**Data under study**
--*--

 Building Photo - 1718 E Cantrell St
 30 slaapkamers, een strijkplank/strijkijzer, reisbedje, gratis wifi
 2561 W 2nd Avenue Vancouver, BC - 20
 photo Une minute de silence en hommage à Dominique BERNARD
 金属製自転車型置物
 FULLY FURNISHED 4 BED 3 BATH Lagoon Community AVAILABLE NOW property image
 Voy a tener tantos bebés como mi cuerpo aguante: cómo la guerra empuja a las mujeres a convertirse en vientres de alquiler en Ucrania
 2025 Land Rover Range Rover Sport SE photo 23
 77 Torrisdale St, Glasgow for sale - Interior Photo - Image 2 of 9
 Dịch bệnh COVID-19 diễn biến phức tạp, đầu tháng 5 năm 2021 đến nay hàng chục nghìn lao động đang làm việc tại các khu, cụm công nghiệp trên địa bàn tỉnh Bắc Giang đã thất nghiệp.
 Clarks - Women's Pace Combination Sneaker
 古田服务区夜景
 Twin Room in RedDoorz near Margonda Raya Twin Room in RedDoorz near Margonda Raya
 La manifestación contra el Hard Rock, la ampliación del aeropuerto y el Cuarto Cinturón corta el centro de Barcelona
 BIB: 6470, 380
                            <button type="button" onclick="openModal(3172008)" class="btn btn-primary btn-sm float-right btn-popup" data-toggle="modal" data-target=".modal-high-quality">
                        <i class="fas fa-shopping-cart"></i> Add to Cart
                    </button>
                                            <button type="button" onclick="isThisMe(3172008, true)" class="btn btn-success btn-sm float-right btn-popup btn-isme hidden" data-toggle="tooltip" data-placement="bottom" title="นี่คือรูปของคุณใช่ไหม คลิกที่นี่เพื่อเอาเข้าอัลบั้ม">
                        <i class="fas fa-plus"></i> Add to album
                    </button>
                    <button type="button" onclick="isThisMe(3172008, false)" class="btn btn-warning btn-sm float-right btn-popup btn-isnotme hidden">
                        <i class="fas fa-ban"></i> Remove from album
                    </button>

--*--

**Task item**
Lines from the one containing "Clarks - Women's Pace Combination Sneaker" through the last line of the data above are the only output wanted; restate them exactly.

**Answer box**
 Clarks - Women's Pace Combination Sneaker
 古田服务区夜景
 Twin Room in RedDoorz near Margonda Raya Twin Room in RedDoorz near Margonda Raya
 La manifestación contra el Hard Rock, la ampliación del aeropuerto y el Cuarto Cinturón corta el centro de Barcelona
 BIB: 6470, 380
                            <button type="button" onclick="openModal(3172008)" class="btn btn-primary btn-sm float-right btn-popup" data-toggle="modal" data-target=".modal-high-quality">
                        <i class="fas fa-shopping-cart"></i> Add to Cart
                    </button>
                                            <button type="button" onclick="isThisMe(3172008, true)" class="btn btn-success btn-sm float-right btn-popup btn-isme hidden" data-toggle="tooltip" data-placement="bottom" title="นี่คือรูปของคุณใช่ไหม คลิกที่นี่เพื่อเอาเข้าอัลบั้ม">
                        <i class="fas fa-plus"></i> Add to album
                    </button>
                    <button type="button" onclick="isThisMe(3172008, false)" class="btn btn-warning btn-sm float-right btn-popup btn-isnotme hidden">
                        <i class="fas fa-ban"></i> Remove from album
                    </button>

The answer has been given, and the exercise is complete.